• _Instructions to follow_:
Each line below needs to be returned exactly. Skip any picture.

• _Exercise data_:
━━━━━━
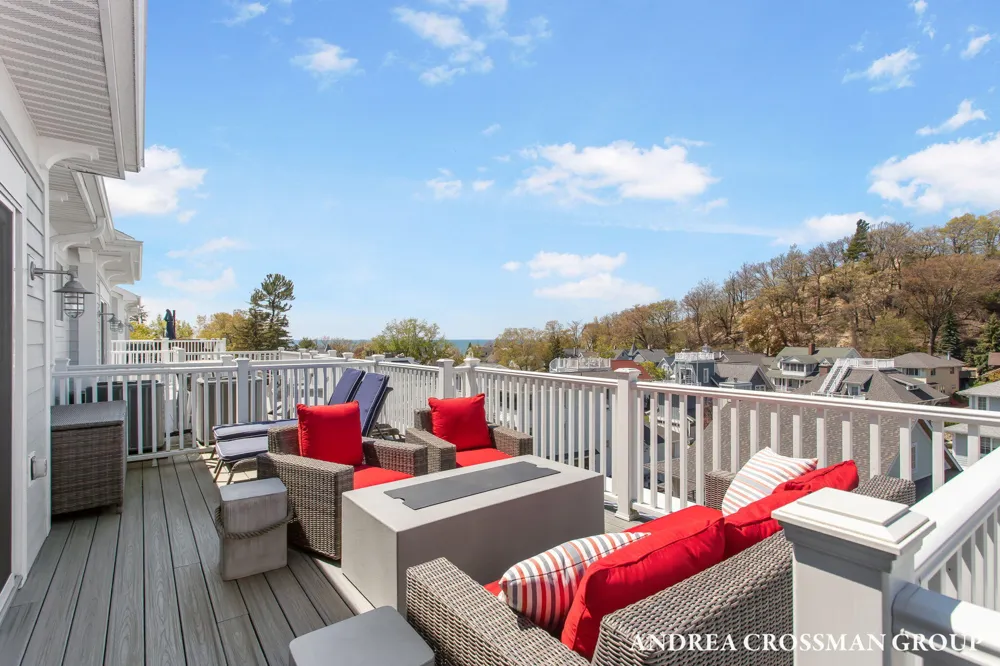 2378 Sunset Walk Macatawa, MI 49434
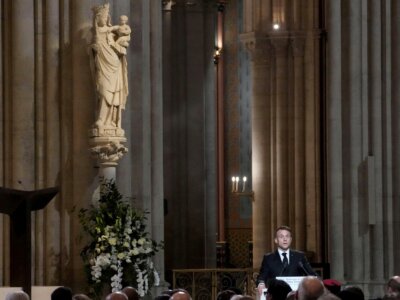 Emmanuel MACRON: Odbudowując katedrę Notre-Dame, Francja pokazała wolę do kontynuowania legendy wieków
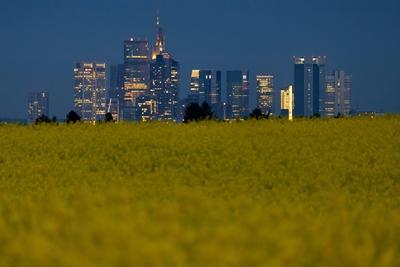 Frankfurt im Fr?hling-stock-foto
━━━━━━
• _Answer area_:
 2378 Sunset Walk Macatawa, MI 49434
 Emmanuel MACRON: Odbudowując katedrę Notre-Dame, Francja pokazała wolę do kontynuowania legendy wieków
 Frankfurt im Fr?hling-stock-foto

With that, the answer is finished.